(Beginning of INPUT)

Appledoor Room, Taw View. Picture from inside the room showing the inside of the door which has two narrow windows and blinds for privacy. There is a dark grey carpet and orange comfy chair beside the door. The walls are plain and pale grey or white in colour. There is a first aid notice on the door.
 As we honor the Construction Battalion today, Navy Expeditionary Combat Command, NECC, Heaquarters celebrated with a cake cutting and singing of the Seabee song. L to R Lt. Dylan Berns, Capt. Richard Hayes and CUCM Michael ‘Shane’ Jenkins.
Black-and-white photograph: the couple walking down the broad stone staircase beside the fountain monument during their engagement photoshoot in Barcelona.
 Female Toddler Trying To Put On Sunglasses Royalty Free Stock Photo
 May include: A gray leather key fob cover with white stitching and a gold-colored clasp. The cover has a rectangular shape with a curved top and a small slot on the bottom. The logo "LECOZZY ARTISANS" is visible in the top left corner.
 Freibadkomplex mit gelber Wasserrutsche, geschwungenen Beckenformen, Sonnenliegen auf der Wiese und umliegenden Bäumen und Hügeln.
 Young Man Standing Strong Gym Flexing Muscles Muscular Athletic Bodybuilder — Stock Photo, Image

(End of INPUT)

◆ ABOUT THIS TASK
Go through the data and gather every line that holds "Stock".

◆ SOLUTION TO THIS EXERCISE
 Female Toddler Trying To Put On Sunglasses Royalty Free Stock Photo
 Young Man Standing Strong Gym Flexing Muscles Muscular Athletic Bodybuilder — Stock Photo, Image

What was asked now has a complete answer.